Scenario 1. Small and medium environments
The basic option assumes infrastructure for 50 users, scalable up to 200 virtual machines by adding hardware resources and appropriate licenses.
Licensing model is based on Horizon 7 Advanced Add-on (Named/CCU) with separate licensing for vSAN, vSphere and vCenter.
Virtual desktops are created as linked clones which significantly reduces the disk space and eases administration. User data are kept on a network share, with 100 GB per user allocation.

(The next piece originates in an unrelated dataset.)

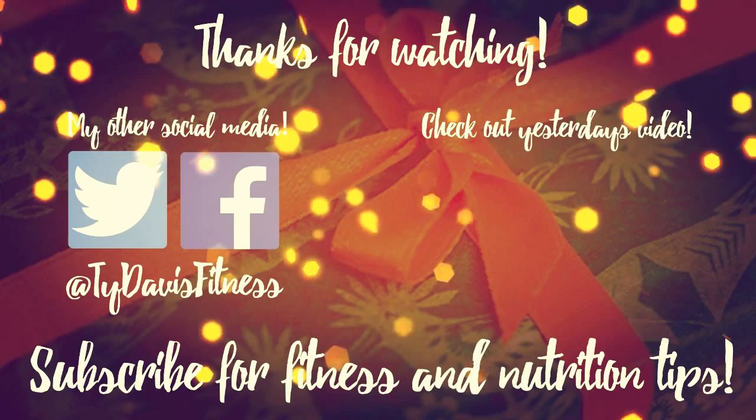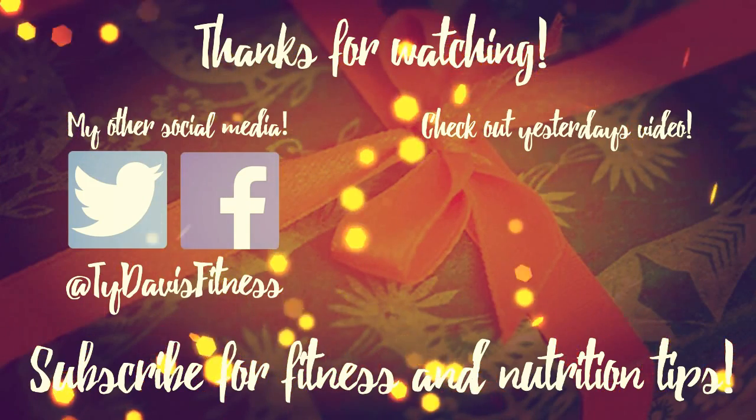If you found this video helpful, give it a thumbs up and subscribe. Check back tomorrow for day 12.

Compute resources consist of 4 hosts in the vSAN cluster with RAID-5 configuration. ESXi operating system is installed on separate M2 disks with RAID-1 protection. Table 1 shows approximate calculation details for the vSAN cluster, and Table 2 shows the host specifications. Licenses are defined in Table 3.
Scenario 2. Large environments
Besides additional hardware resources, large infrastructures usually need extra features for management, control, and integration. In addition, a certain level of automation is desirable.
This scenario is based on the following presumptions:
- The number of users is 200, with a possible scale-up to 500
- Up to 100 GB of data per user
- Ability to use RDS Published applications
- Ability to virtualize applications with App Volumes
- Ability to manage user profiles
The features mentioned above require Horizon 7 Enterprise edition, including vSAN, vSphere, and vCenter licenses. Besides, it enables instant clones for VM deployment, which significantly increases system agility and VM creation speed (compared to linked clones). Licensing model can be both Named or CCU.
User profile management can be done using Writable Volumes – virtual disks assigned to every user, containing all installed applications, data, and specific settings. These disks are attached to VM during logon, so the user profile is always available, regardless of VM assigned. Combined with VMware Dynamic Environment Manager, it can offer a high level of granularity in data and profile management.
The servers used are the same as for Scenario 1, with additional hardware resources installed. All details are listed in Tables 4, 5, and 6.